** Input for this task follows **

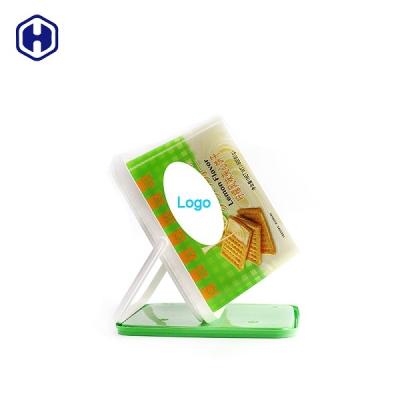 China 3000ML IML Tubs Leak Proof Custom Cookie Packaging L19.5 * W19.5 *H12.5 CM for sale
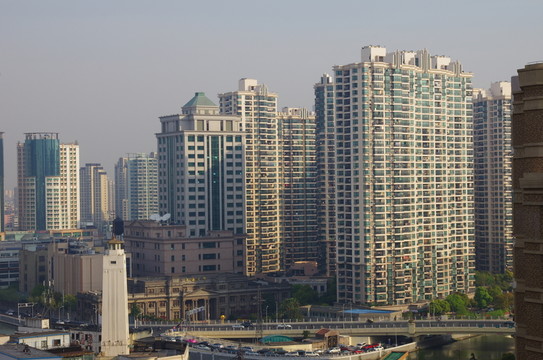 城市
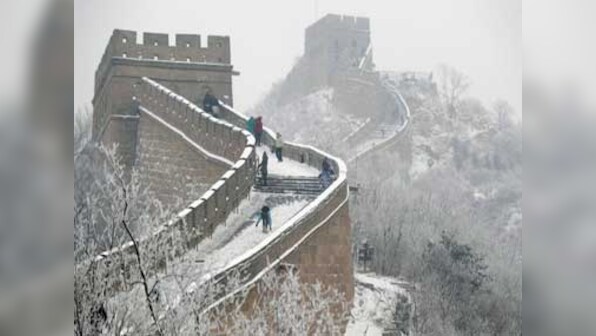 India is just another BRIC in China's Great Wall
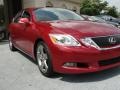 Matador Red Mica - GS 350 Photo No. 3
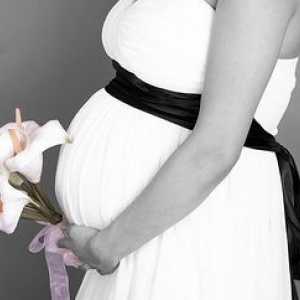 Бременни булката - Тайните на красива сватба, без вреда за детето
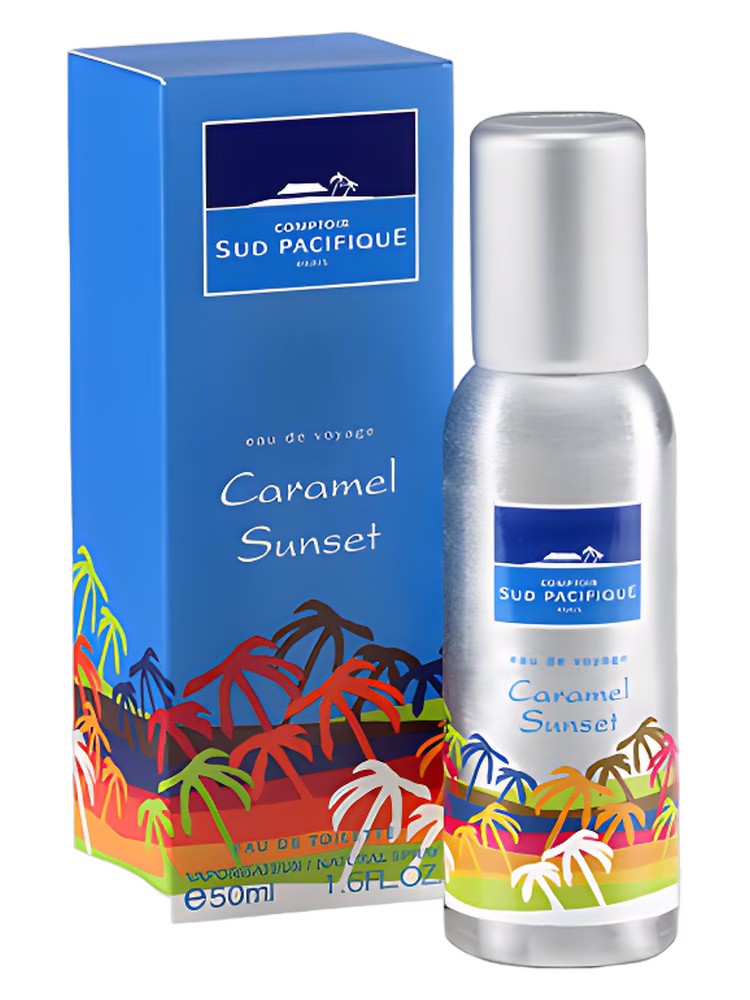 Comptoir Sud Pacifique Caramel Sunset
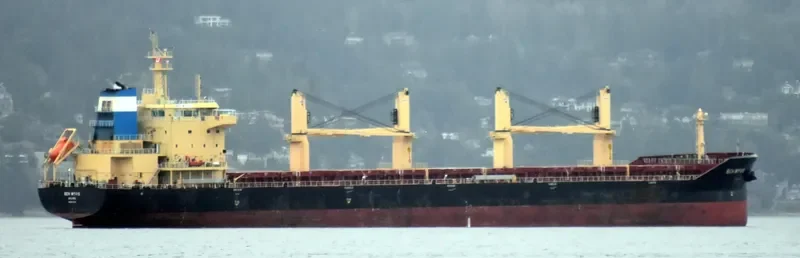 BEN WYVIS Bulk Carrier IMO 9703813 photo 10
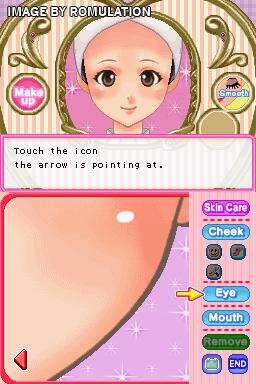 Imagine - Makeup Artist for NDS screenshot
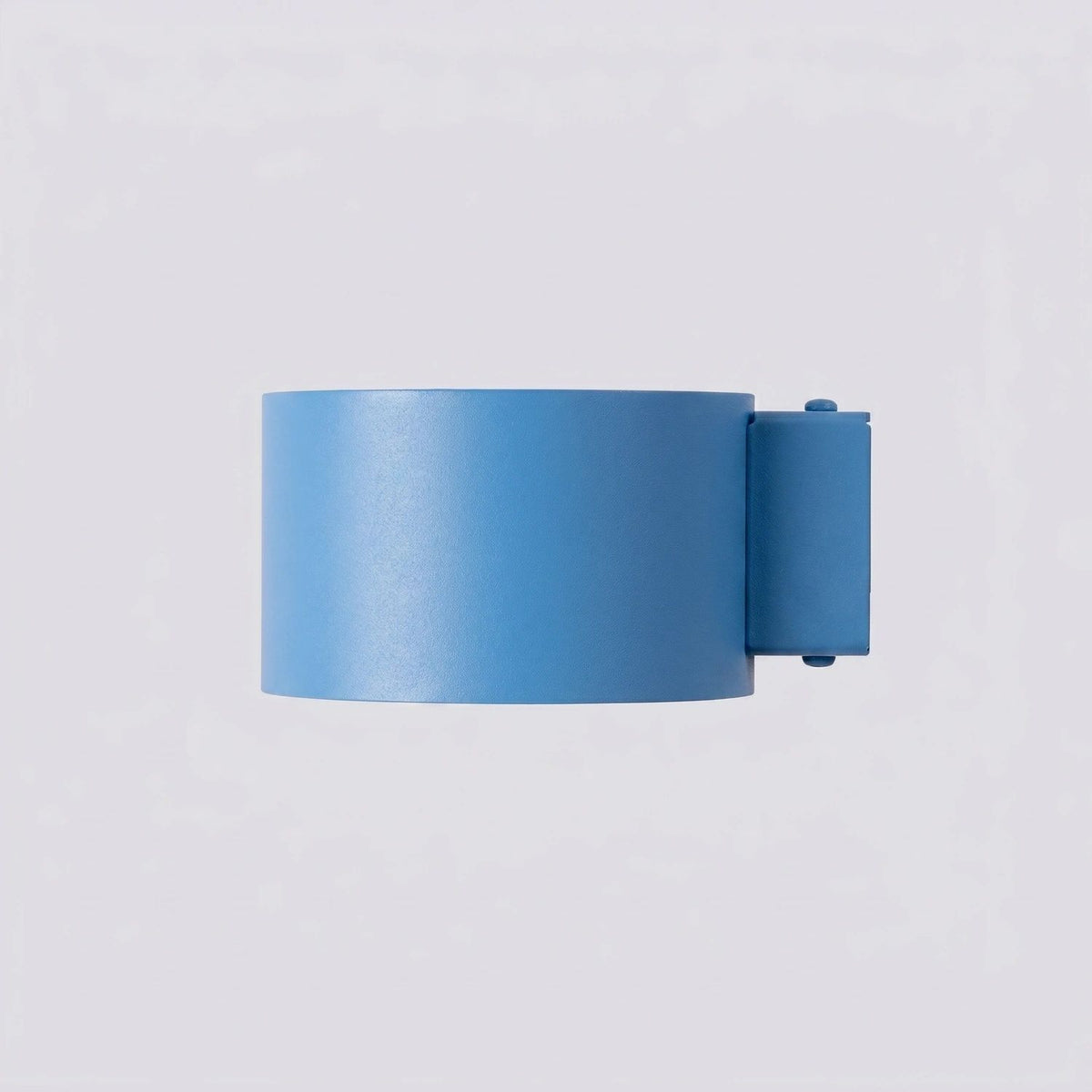 
Applique murale design « Modo » à 1 flamme - Bleu clair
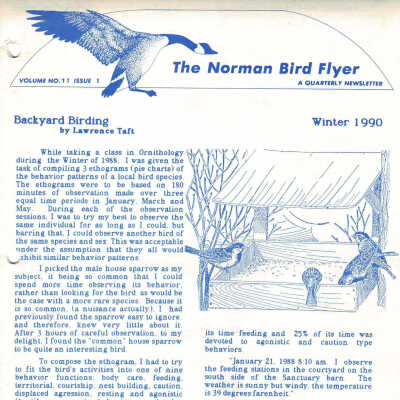 Issue No. 1, Volume 11 - Winter 1990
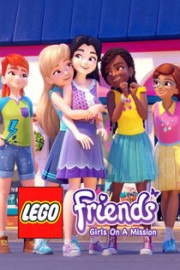 LEGO Friends Girls on a Mission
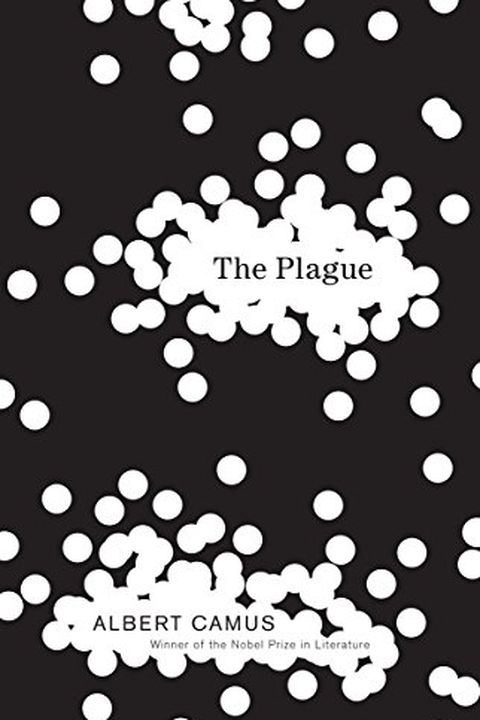 The Plague book cover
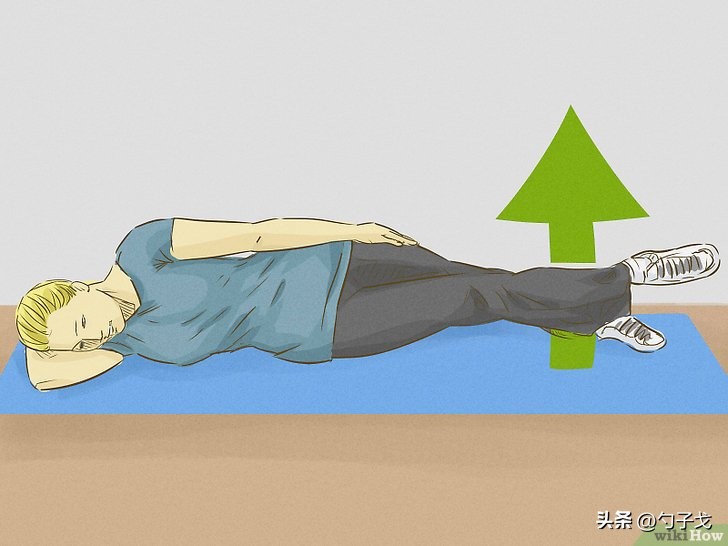 如何消除大腿根部内侧赘肉,大腿内侧脂肪可以按摩吗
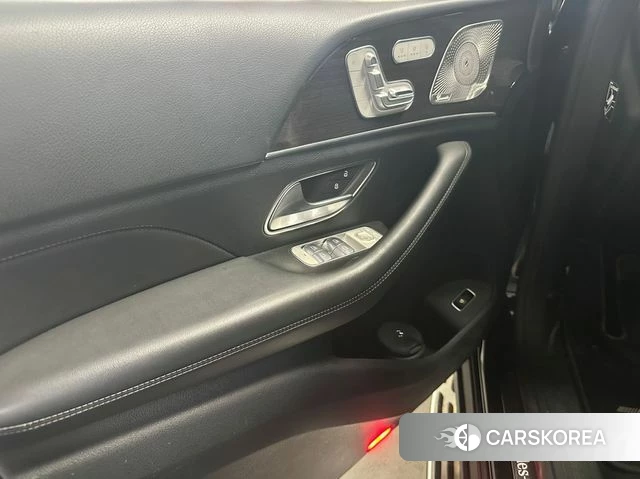 Mercedes-Benz GLE-Class W167 2021 Черный из Кореи, фото 6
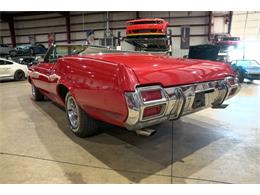 1971 Oldsmobile Cutlass (CC-2102881) for sale in Kentwood, Michigan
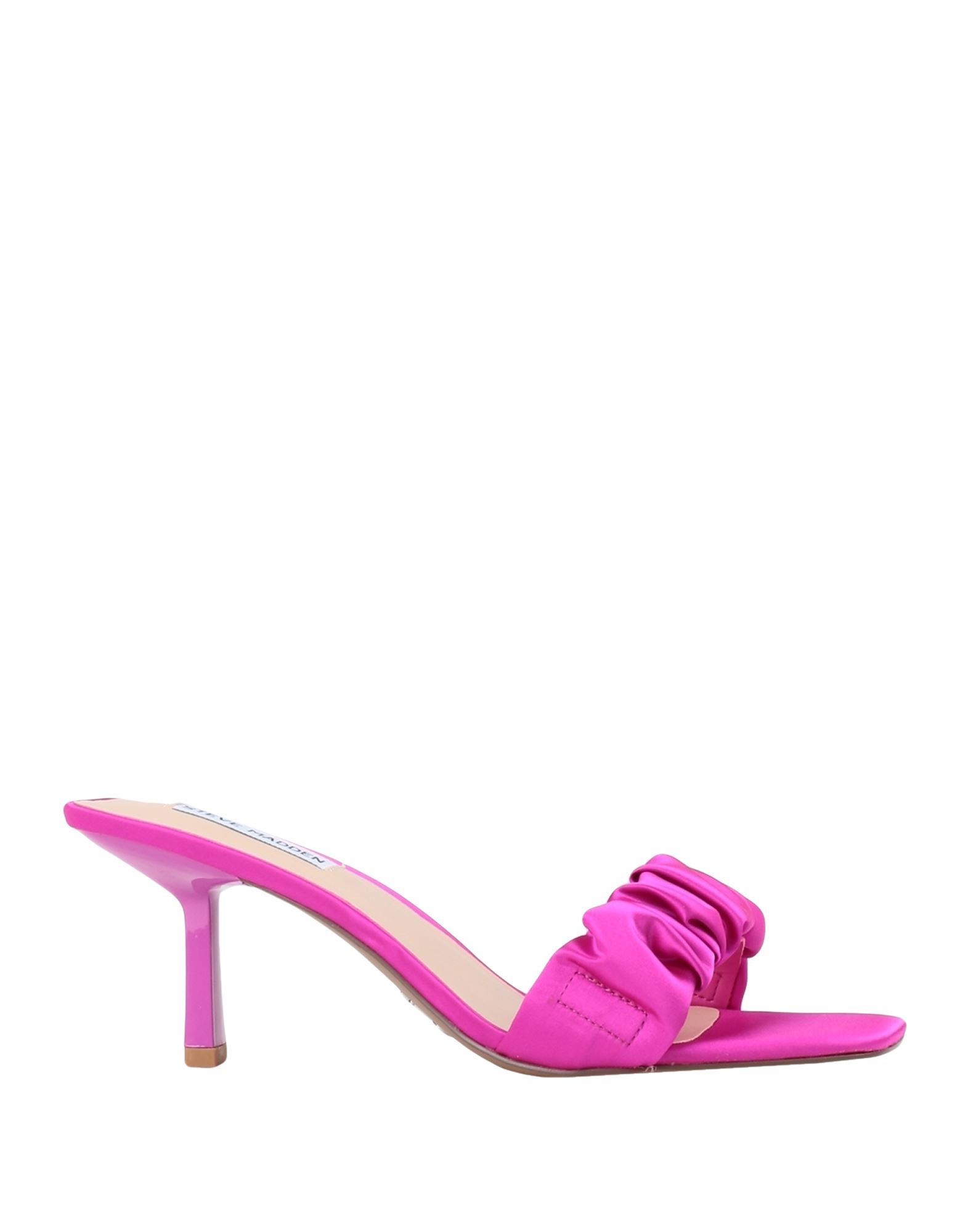 STEVE MADDEN Sandale Damen Magenta von STEVE MADDEN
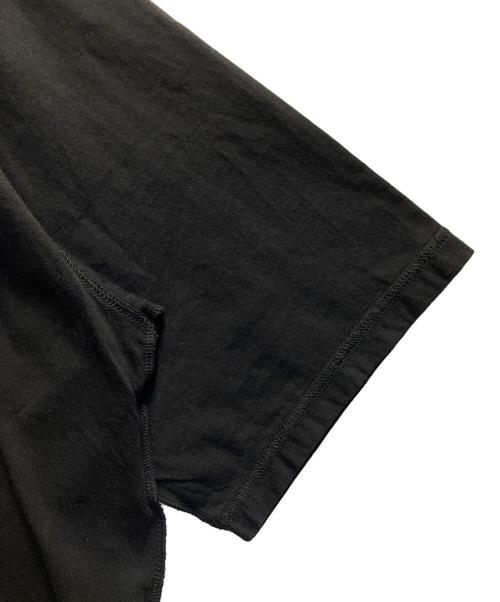 UNDERCOVER（アンダーカバー）UNDERCOVER (アンダーカバー) インサイドアウトTEE ブラック サイズ:XLの古着・服飾アイテム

** End of Input for this task **

- _Task to complete_
Exact text is required for the lines from the one with "Issue No. 1, Volume 11 - Winter 1990" through the last line of the entries, both included. Omit pictures.

- _Exercise output_
 Issue No. 1, Volume 11 - Winter 1990
 LEGO Friends Girls on a Mission
 The Plague book cover
 如何消除大腿根部内侧赘肉,大腿内侧脂肪可以按摩吗
 Mercedes-Benz GLE-Class W167 2021 Черный из Кореи, фото 6
 1971 Oldsmobile Cutlass (CC-2102881) for sale in Kentwood, Michigan
 STEVE MADDEN Sandale Damen Magenta von STEVE MADDEN
 UNDERCOVER（アンダーカバー）UNDERCOVER (アンダーカバー) インサイドアウトTEE ブラック サイズ:XLの古着・服飾アイテム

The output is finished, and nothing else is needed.